Non-linear regression
Although application of linear regression is straightforward and characterized by many useful statistical properties, in the real life many processes have non-linear behaviour, especially in a long run.
Linear regression is well-behaved since the change in independent variables results in proportional change in the dependent value - it’s basically just a linear combination of the predictors. In case of non-linear regression this is not true anymore since the same change in the predictors results in a different change of the dependent variable at different points. Consider the examples below:
Both are just simple univariate functions, however they clearly demonstrate non-linear patterns of how they change. For instance, for $f(x)$ going from 0 to 5 results in a change of more than 0.5, yet another similar step from 5 to 10 results in a change of merely 0.08.

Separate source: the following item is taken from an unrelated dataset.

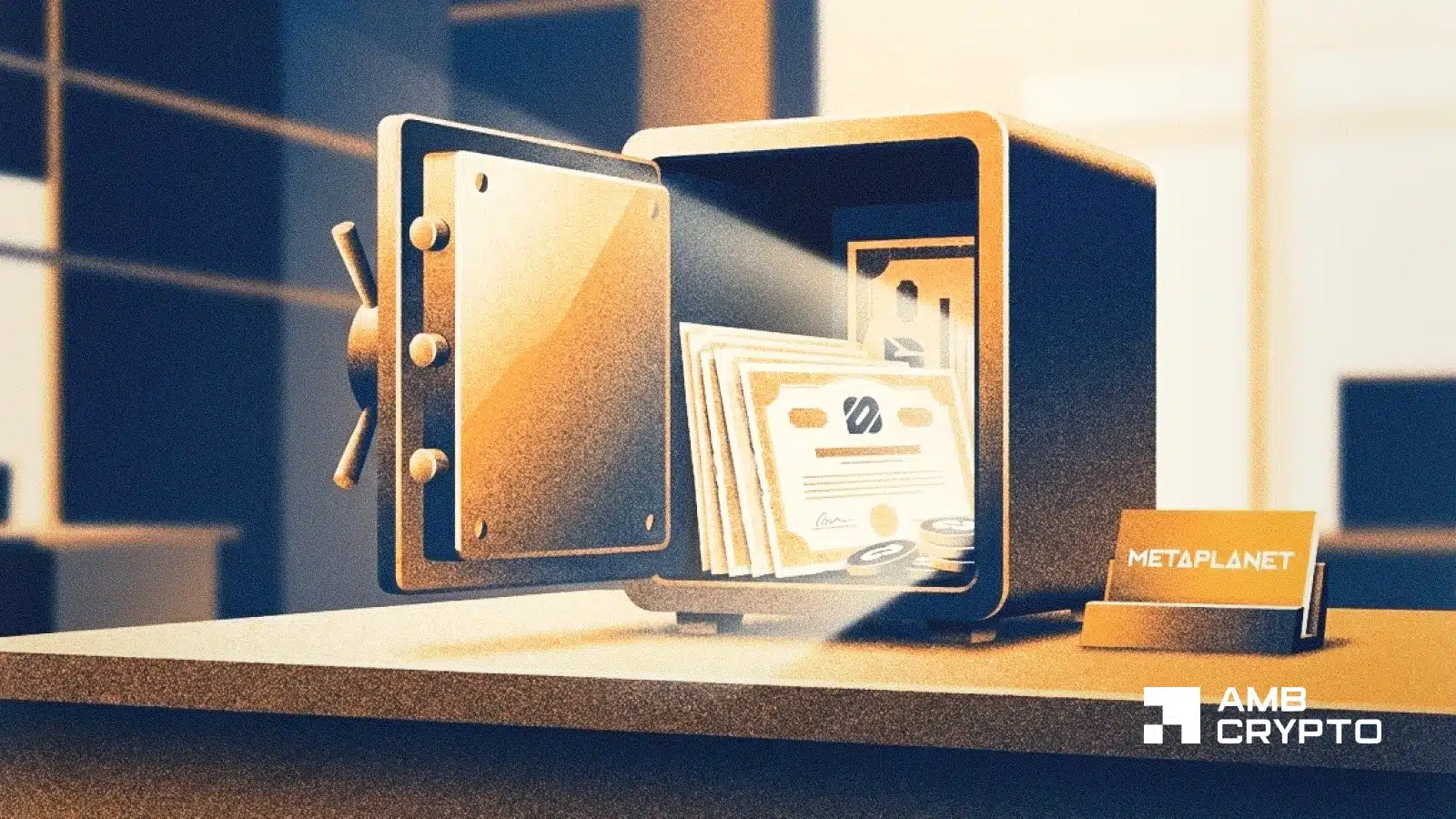 Metaplanet CEO eyes share buybacks to boost Bitcoin yield - 'Our primary KPI'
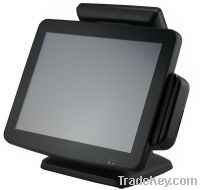 Sell Bezel Less Touch Screen POS Machine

While the best set of parameters for the linear regression can be found analytically, in case of non-linear regression they are found iteratively by adjusting the initial guess with successive approximations, as in gradient descent and Newton’s method. Both of these methods are described in separate articles as they build the core of non-linear optimization. Other algorithms extend their capabilities by combining ideas and simplifying computations. Below are descriptions of some other notable non-linear optimization algorithms.
Gauss-Newton method
Gauss-Newton algorithm is one of the simplest methods for non-linear least squares solving. Other, more advanced algorithms are actually based on Gauss-Newton and extend its capabilities while also dealing with its shortcomings. Let’s take a look at what happens under the hood and how it is different from the original Newton’s method.

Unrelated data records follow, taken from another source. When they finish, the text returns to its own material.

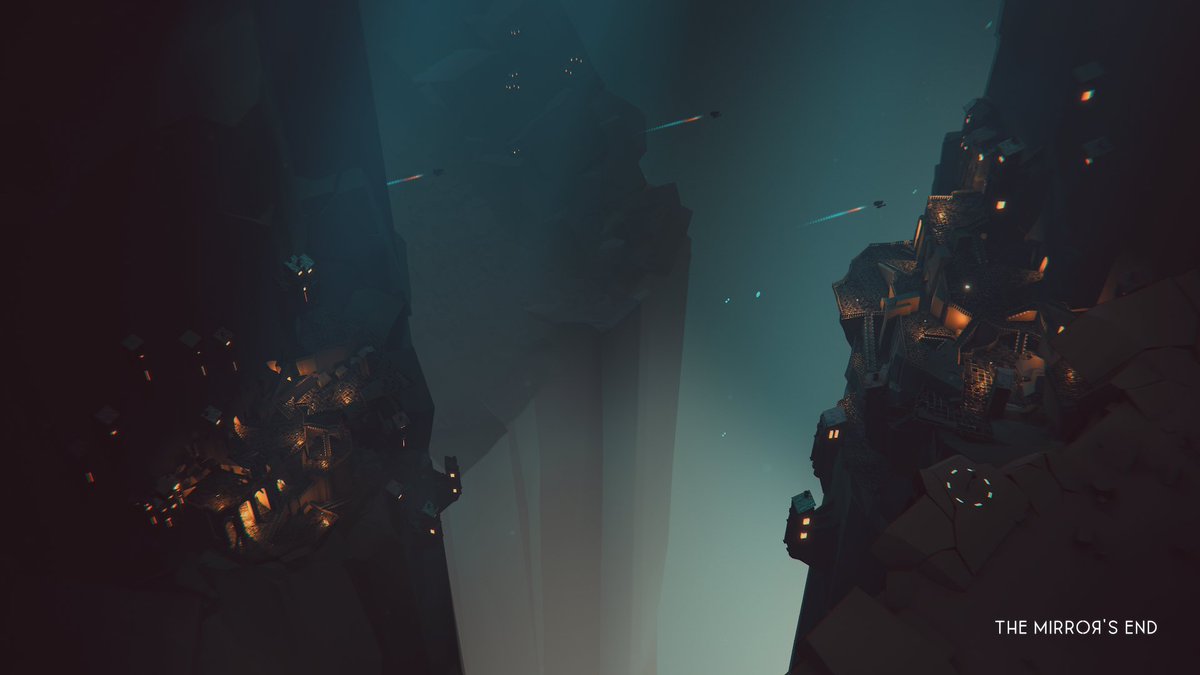Nexent_games's tweet photo. We're so glad to reveal our next project: "The Mirror's End", proudly #madewithunity https://t.co/vnxP6dS7Ry
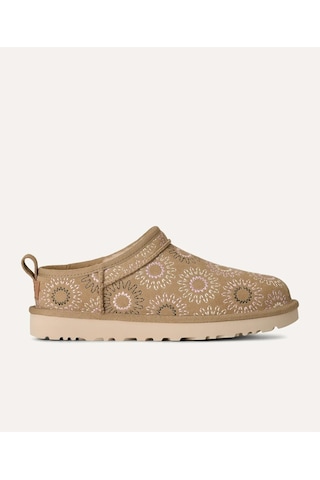 Ugg Classıc Mıcro Sun Stıtch Kadın Bot 1178192-mdsd Kahverengi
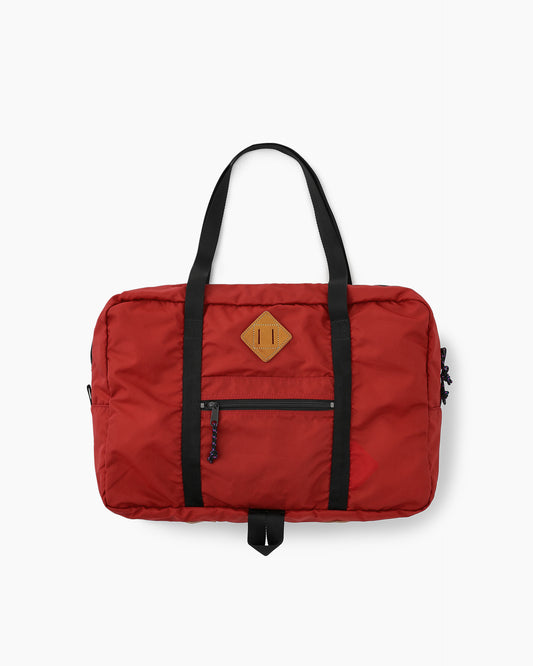Trek Tote Bag Red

In the standard case of quadratic loss function we want to minimize the sum of squared distances between the modeled and the actual observations. Suppose we have a set of $m$ observations and a non-linear function $f(x, \theta)$ which we want to fit to the observations, where $\theta$ is a set of parameters. The sum of errors which we want to minimize will take the following form:
$g(\theta) = \sum_{i=0}^m r^2 = \sum_{i=0}^m (y_i - f(x_i, \theta))^2$
where $y$ is a set of $m$ observations, and $r$ are residuals.

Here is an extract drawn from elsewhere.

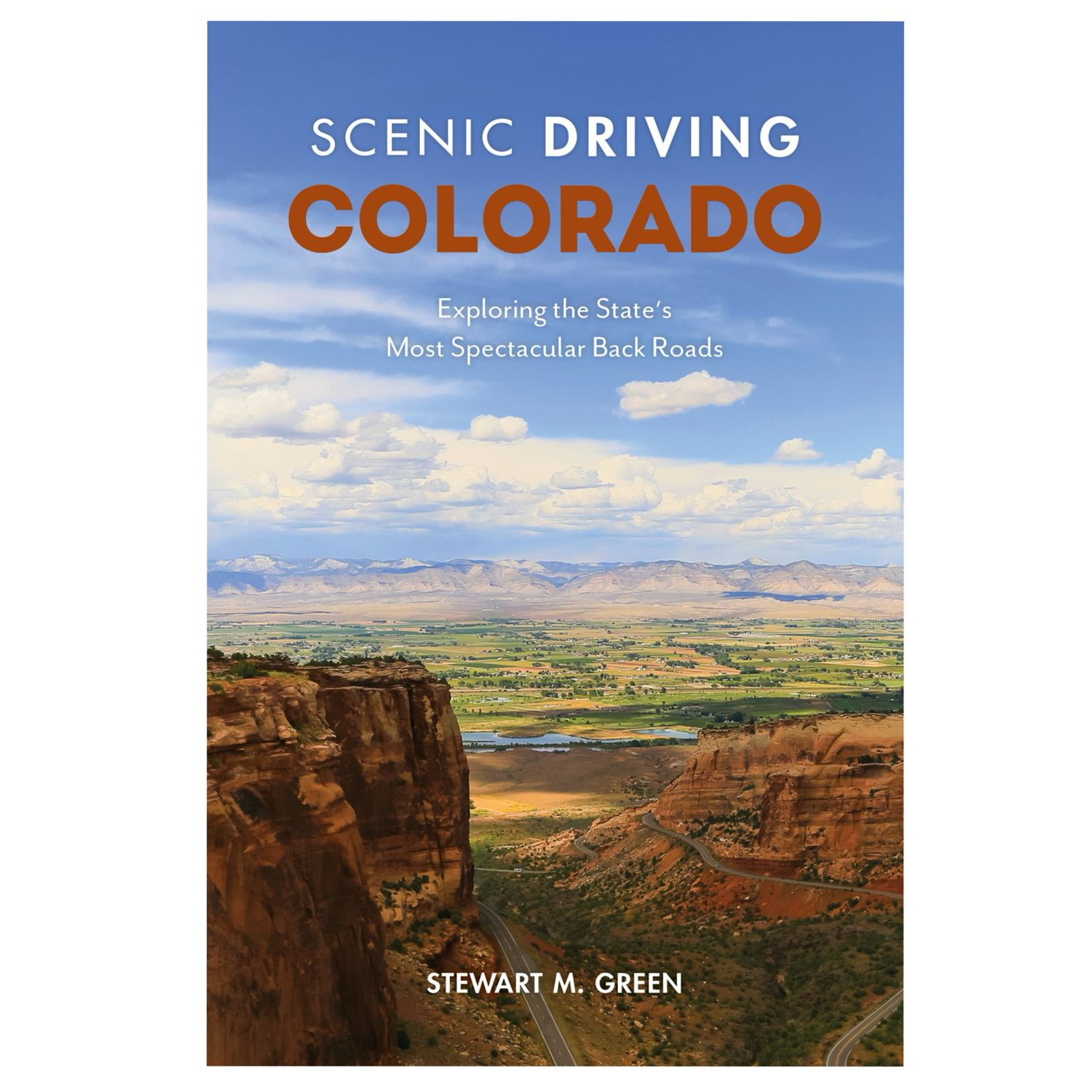 Scenic Driving Colorado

In an $n$-dimensional space $J(\theta)$ has its minimum value at a point where its gradient is zero. The gradient can be expressed as a system of $n$ equations, where $n$ is the number of dimensions.
\[\begin{cases} \frac{\partial g(\theta)}{\partial \theta_1} = 2\sum_{i=0}^m (y_i - f(x_i, \theta)) \frac{\partial f}{\partial \theta_1} = 0 \\ \frac{\partial g(\theta)}{\partial \theta_2} = 2\sum_{i=0}^m (y_i - f(x_i, \theta)) \frac{\partial f}{\partial \theta_2} = 0 \\ ............................. \\ \frac{\partial g(\theta)}{\partial \theta_n} = 2\sum_{i=0}^m (y_i - f(x_i, \theta)) \frac{\partial f}{\partial \theta_n} = 0 \end{cases} => J_r^{T} r = 0\]$J_r$ is a matrix of first derivatives (Jacobian matrix) of the error term $r$.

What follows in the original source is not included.